[Data excerpts Boundary: Start]

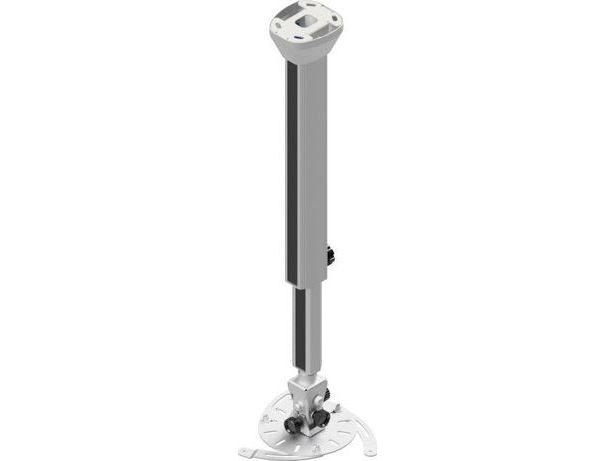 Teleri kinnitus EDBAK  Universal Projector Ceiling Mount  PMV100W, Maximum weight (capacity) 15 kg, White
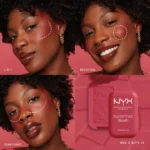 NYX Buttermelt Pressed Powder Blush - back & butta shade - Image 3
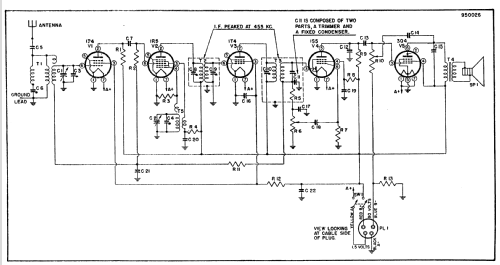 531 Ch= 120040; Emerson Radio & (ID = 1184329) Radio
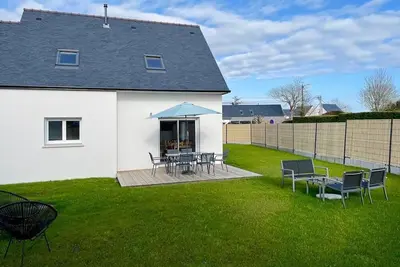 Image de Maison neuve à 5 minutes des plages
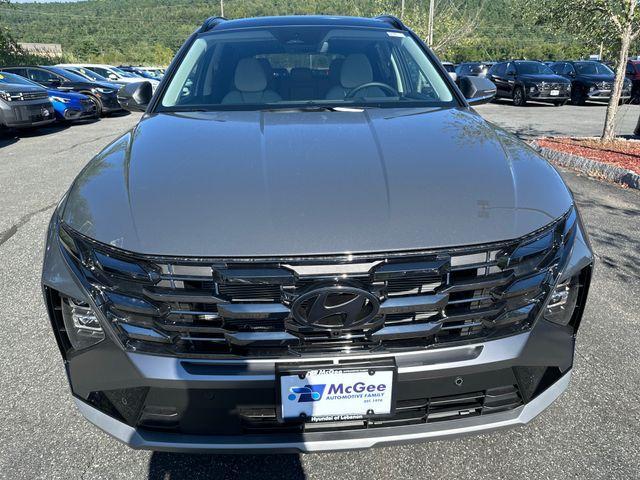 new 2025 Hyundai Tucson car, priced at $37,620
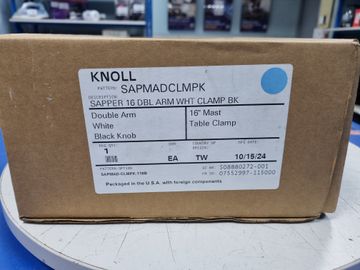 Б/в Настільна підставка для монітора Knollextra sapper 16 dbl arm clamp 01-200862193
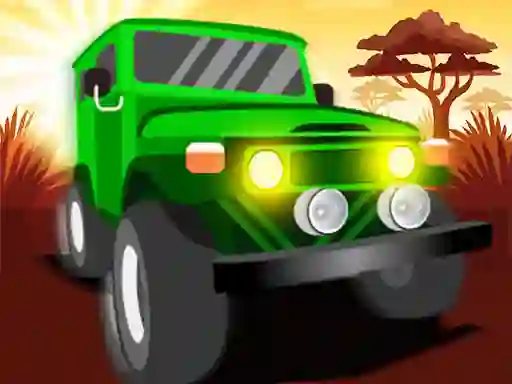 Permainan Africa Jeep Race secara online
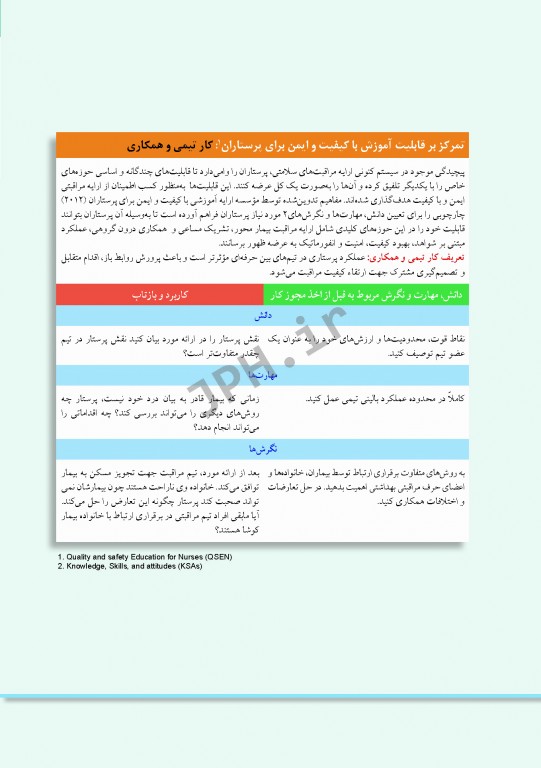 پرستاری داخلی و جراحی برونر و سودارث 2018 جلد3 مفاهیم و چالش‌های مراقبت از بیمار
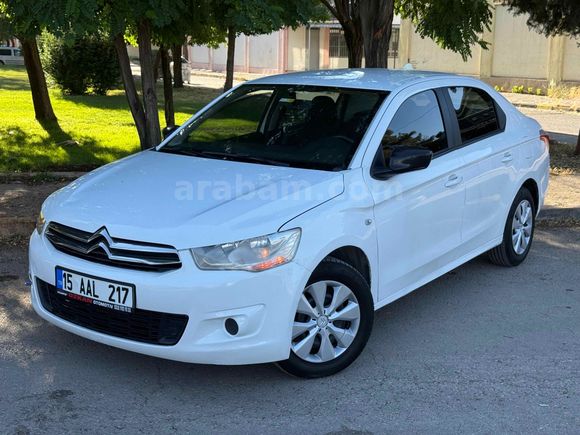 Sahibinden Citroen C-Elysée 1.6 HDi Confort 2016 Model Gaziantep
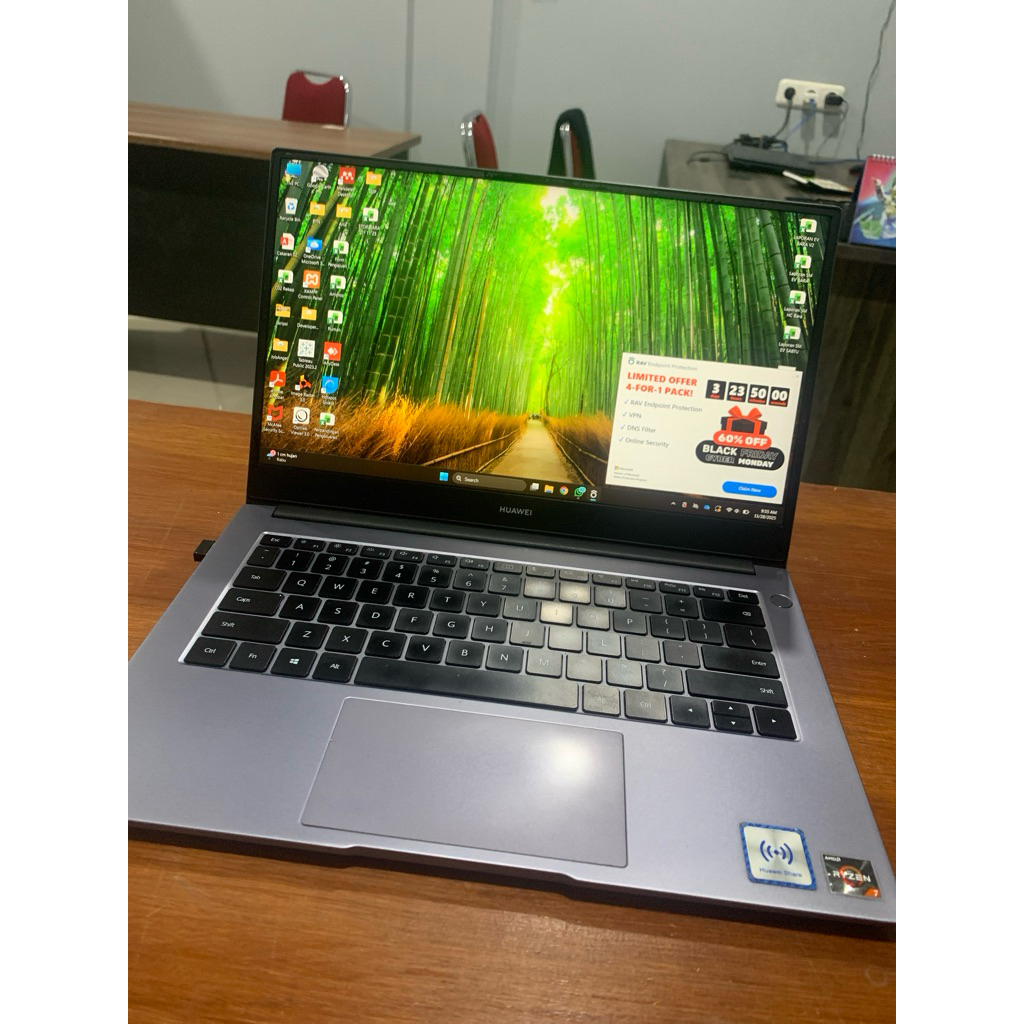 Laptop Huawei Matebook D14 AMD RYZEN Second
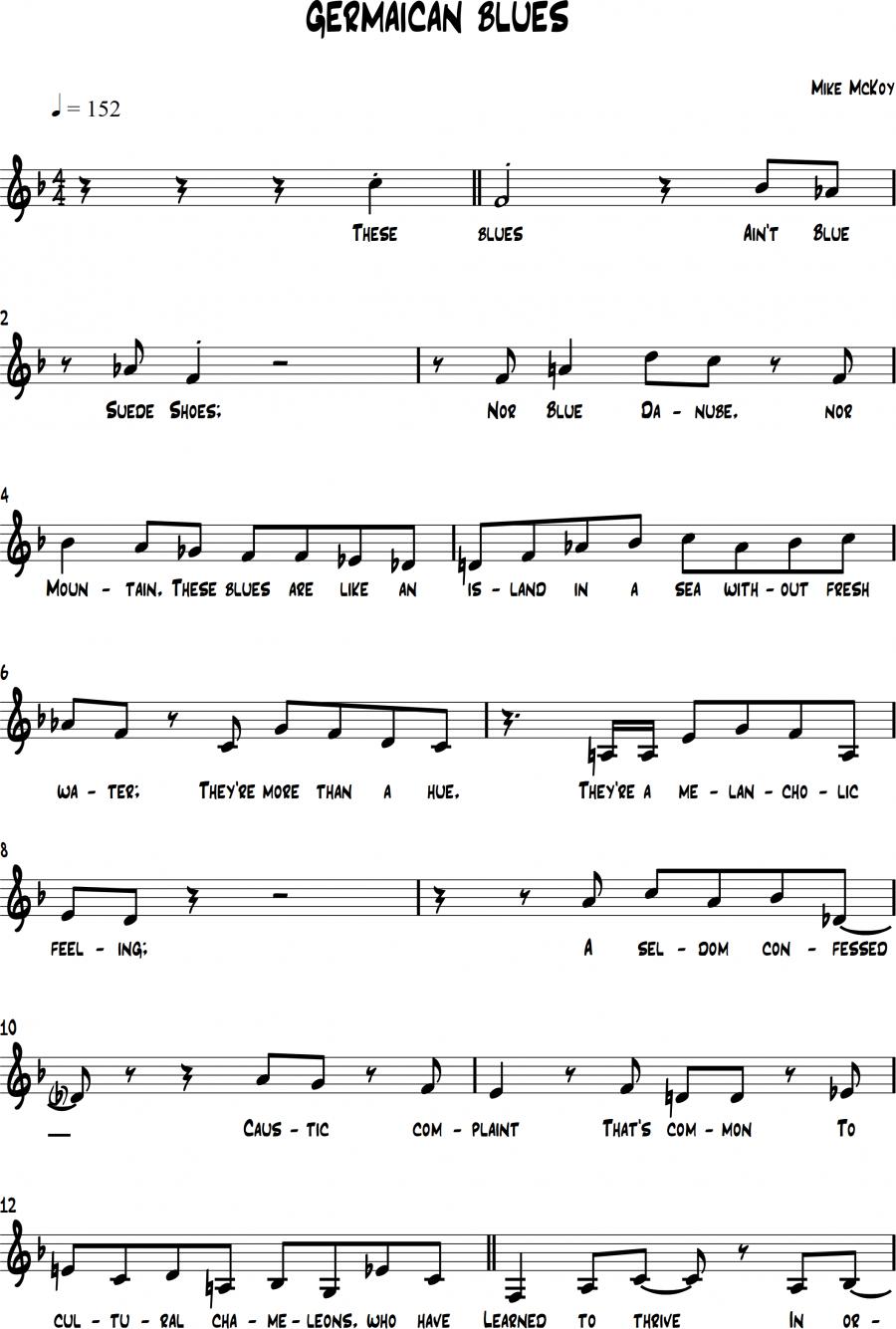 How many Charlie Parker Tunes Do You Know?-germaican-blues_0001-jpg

[Data excerpts Boundary: End]

Directions: Exclude all pictures and reproduce exactly the lines from the one containing "پرستاری داخلی و" through the final line of the entries above.

Written solution:
 پرستاری داخلی و جراحی برونر و سودارث 2018 جلد3 مفاهیم و چالش‌های مراقبت از بیمار
 Sahibinden Citroen C-Elysée 1.6 HDi Confort 2016 Model Gaziantep
 Laptop Huawei Matebook D14 AMD RYZEN Second
 How many Charlie Parker Tunes Do You Know?-germaican-blues_0001-jpg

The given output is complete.